**** Supplied entries ****

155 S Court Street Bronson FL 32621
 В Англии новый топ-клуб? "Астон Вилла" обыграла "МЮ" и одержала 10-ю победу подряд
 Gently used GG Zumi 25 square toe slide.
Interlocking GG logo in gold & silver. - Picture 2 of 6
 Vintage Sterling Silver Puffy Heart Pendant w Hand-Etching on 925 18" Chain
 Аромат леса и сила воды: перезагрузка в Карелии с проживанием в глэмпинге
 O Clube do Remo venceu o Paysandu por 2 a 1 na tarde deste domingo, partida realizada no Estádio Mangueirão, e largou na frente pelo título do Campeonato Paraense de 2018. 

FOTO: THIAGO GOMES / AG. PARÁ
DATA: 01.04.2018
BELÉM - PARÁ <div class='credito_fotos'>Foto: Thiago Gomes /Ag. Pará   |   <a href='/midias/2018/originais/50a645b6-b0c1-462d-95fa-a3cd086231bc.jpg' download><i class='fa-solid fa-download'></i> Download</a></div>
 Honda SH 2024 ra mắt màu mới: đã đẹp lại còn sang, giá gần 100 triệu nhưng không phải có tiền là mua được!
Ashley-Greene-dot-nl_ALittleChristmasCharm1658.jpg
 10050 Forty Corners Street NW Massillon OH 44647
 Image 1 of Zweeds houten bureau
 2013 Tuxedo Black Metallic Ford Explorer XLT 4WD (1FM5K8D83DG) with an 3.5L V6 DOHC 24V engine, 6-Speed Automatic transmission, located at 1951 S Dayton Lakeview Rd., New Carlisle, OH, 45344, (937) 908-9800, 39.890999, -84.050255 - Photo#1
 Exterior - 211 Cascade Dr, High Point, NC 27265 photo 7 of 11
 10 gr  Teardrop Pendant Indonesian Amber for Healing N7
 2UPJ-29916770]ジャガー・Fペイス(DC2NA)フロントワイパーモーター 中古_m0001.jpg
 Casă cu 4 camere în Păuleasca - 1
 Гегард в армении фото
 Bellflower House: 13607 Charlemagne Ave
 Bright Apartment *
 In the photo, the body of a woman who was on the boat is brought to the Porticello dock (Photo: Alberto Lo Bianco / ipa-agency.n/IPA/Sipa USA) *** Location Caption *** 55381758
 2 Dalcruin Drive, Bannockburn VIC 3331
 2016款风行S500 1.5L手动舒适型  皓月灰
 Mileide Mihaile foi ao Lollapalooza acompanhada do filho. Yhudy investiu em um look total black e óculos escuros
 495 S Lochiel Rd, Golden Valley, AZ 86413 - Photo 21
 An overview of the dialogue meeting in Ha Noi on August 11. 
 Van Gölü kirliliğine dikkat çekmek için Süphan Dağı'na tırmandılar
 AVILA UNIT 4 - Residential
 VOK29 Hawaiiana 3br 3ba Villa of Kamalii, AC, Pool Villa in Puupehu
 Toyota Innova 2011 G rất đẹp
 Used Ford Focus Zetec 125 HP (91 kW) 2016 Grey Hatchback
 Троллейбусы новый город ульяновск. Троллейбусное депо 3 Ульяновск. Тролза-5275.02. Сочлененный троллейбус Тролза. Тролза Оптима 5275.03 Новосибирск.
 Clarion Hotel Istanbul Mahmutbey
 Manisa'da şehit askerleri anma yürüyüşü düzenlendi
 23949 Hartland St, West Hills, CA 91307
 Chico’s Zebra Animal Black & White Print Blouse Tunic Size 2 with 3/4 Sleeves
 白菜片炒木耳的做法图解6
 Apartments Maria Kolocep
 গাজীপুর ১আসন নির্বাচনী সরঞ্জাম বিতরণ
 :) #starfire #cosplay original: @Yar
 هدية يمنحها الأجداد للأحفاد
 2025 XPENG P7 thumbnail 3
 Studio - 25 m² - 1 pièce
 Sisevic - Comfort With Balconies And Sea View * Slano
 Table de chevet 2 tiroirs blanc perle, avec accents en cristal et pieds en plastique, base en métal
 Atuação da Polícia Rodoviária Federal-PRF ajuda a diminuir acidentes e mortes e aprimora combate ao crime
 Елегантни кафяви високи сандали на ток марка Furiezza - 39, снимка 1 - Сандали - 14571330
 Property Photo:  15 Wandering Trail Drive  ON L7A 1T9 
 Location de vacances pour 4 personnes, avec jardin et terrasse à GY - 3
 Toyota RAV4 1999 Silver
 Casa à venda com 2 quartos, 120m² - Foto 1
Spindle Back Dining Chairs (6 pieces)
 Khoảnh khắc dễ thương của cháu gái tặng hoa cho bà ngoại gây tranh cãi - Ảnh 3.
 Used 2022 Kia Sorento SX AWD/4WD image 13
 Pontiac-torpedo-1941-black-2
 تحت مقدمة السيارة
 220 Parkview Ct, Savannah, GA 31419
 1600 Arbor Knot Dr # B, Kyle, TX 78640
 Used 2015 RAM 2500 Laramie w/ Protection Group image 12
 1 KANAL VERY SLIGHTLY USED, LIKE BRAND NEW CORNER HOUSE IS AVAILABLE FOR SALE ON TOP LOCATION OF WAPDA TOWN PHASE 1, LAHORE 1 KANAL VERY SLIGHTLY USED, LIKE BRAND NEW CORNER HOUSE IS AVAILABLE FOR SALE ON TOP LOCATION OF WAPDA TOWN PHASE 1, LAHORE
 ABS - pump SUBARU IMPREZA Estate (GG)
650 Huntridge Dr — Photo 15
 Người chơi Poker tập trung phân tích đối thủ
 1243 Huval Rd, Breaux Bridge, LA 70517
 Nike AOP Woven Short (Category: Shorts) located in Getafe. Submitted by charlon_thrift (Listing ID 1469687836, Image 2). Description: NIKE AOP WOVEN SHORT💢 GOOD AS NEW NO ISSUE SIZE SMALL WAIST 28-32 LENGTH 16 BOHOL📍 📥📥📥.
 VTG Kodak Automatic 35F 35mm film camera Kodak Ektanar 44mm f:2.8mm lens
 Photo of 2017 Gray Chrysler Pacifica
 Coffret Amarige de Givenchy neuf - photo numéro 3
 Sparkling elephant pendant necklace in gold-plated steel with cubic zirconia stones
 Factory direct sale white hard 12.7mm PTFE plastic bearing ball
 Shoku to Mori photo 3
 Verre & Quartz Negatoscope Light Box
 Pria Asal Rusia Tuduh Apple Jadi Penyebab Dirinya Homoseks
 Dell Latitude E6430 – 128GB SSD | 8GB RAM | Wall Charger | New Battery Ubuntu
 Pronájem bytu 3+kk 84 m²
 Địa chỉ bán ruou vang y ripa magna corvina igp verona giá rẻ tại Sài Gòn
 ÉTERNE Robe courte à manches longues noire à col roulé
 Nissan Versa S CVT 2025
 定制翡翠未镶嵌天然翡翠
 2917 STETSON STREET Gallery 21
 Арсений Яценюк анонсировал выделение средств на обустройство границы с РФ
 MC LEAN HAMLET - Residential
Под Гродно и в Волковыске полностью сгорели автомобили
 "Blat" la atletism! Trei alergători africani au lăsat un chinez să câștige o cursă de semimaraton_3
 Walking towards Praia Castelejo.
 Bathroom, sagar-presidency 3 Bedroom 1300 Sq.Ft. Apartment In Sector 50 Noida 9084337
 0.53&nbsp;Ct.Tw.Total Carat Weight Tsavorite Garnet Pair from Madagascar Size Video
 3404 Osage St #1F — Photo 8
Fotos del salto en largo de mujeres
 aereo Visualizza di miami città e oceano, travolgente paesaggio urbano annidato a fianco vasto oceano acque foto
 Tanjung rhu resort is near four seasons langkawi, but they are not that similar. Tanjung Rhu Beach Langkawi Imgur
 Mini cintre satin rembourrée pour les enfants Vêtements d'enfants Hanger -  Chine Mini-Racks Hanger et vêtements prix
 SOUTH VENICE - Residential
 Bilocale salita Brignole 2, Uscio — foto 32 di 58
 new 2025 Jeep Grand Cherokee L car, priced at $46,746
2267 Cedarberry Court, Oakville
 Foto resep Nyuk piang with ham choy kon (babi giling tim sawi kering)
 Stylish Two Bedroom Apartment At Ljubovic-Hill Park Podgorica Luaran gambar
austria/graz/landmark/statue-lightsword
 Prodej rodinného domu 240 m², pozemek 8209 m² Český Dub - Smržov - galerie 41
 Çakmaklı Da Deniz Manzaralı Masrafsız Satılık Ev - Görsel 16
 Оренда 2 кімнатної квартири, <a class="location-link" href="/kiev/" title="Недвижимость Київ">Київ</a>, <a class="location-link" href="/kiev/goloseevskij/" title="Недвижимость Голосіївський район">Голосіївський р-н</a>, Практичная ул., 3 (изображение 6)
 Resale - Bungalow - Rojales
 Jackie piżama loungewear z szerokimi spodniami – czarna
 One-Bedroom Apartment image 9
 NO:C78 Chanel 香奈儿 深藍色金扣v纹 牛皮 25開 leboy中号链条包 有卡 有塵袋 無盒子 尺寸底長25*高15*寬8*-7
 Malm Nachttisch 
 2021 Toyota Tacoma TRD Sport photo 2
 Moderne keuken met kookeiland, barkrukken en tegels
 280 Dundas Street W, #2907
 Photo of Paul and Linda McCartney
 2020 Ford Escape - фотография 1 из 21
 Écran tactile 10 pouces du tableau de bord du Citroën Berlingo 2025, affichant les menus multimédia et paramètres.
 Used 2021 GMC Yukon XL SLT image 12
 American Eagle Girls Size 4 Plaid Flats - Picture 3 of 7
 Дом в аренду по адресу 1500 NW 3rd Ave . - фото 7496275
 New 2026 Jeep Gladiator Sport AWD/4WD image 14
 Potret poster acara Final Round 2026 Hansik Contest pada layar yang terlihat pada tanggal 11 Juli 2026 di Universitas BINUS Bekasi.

****

■ **Task directions**
Among the records above, repeat exactly the line with "An overview of", the line with "Studio - 25 m² - 1 pièce", and every line in between, and only those.

■ **Completed exercise**
 An overview of the dialogue meeting in Ha Noi on August 11. 
 Van Gölü kirliliğine dikkat çekmek için Süphan Dağı'na tırmandılar
 AVILA UNIT 4 - Residential
 VOK29 Hawaiiana 3br 3ba Villa of Kamalii, AC, Pool Villa in Puupehu
 Toyota Innova 2011 G rất đẹp
 Used Ford Focus Zetec 125 HP (91 kW) 2016 Grey Hatchback
 Троллейбусы новый город ульяновск. Троллейбусное депо 3 Ульяновск. Тролза-5275.02. Сочлененный троллейбус Тролза. Тролза Оптима 5275.03 Новосибирск.
 Clarion Hotel Istanbul Mahmutbey
 Manisa'da şehit askerleri anma yürüyüşü düzenlendi
 23949 Hartland St, West Hills, CA 91307
 Chico’s Zebra Animal Black & White Print Blouse Tunic Size 2 with 3/4 Sleeves
 白菜片炒木耳的做法图解6
 Apartments Maria Kolocep
 গাজীপুর ১আসন নির্বাচনী সরঞ্জাম বিতরণ
 :) #starfire #cosplay original: @Yar
 هدية يمنحها الأجداد للأحفاد
 2025 XPENG P7 thumbnail 3
 Studio - 25 m² - 1 pièce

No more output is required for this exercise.